BEGIN Provided entries
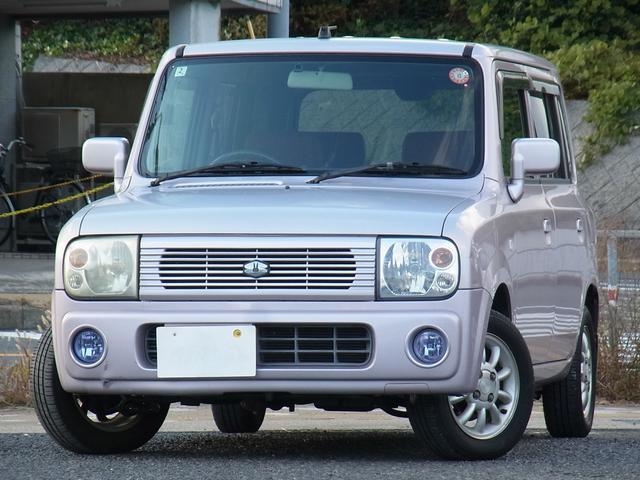 お支払総額１９７，１８０円 車検９年２月２４日迄　お支払総額１９７，１８０円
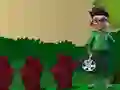 Spel The Tractor Tangle på nätet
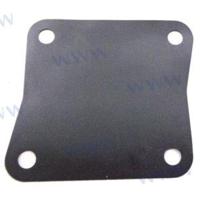 Yamaha PAF25-05130005 - DIAFRAGMA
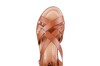 W0X-0556ST Pikolinos cognac thumbnail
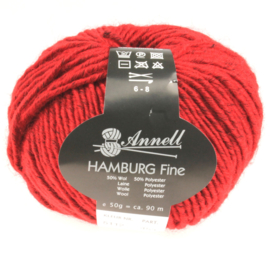 HAMBURG-FINE 5112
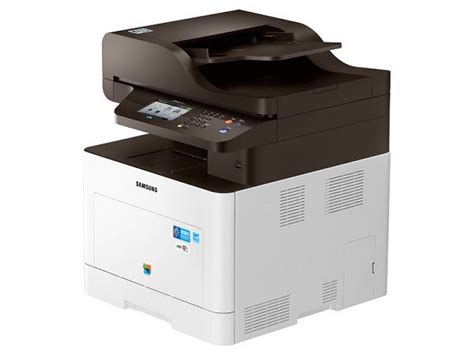 best and most reliable printer/copier scanner, Printer copier scanner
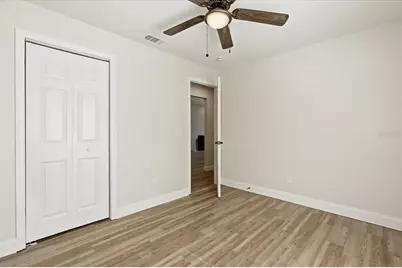 498 Whittingham Place, Lake Mary, FL 32746 - Photo 17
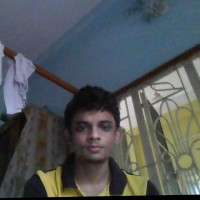 Sougata Ghosh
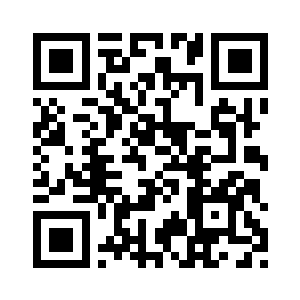 重葵忍住把他拍飞的冲动二维码生成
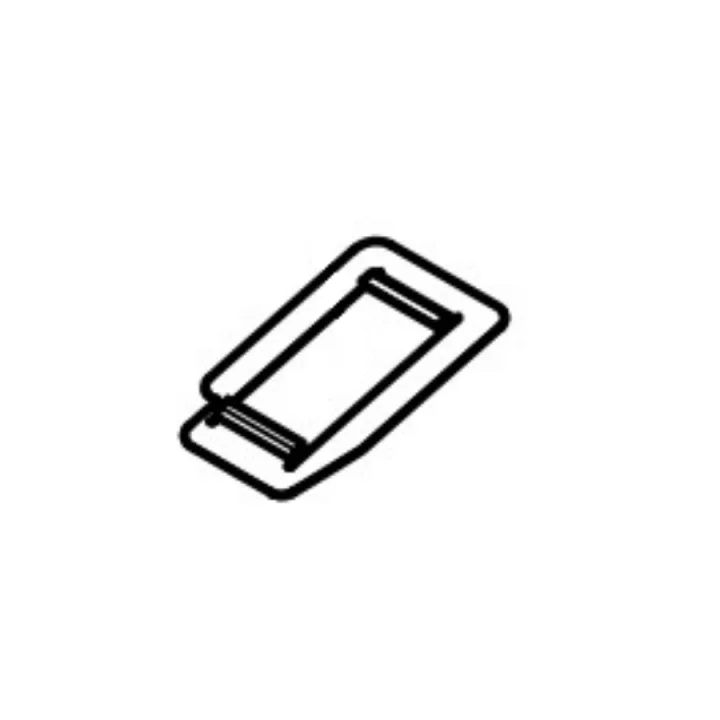 xn--grsklipparbutiken-rqb-1667047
END Provided entries
### Your assignment
Which lines fall between the one containing "498 Whittingham Place, Lake" and the last line of the listing, both included? Give them again exactly, without the pictures.

### Response below
 498 Whittingham Place, Lake Mary, FL 32746 - Photo 17
 Sougata Ghosh
 重葵忍住把他拍飞的冲动二维码生成
 xn--grsklipparbutiken-rqb-1667047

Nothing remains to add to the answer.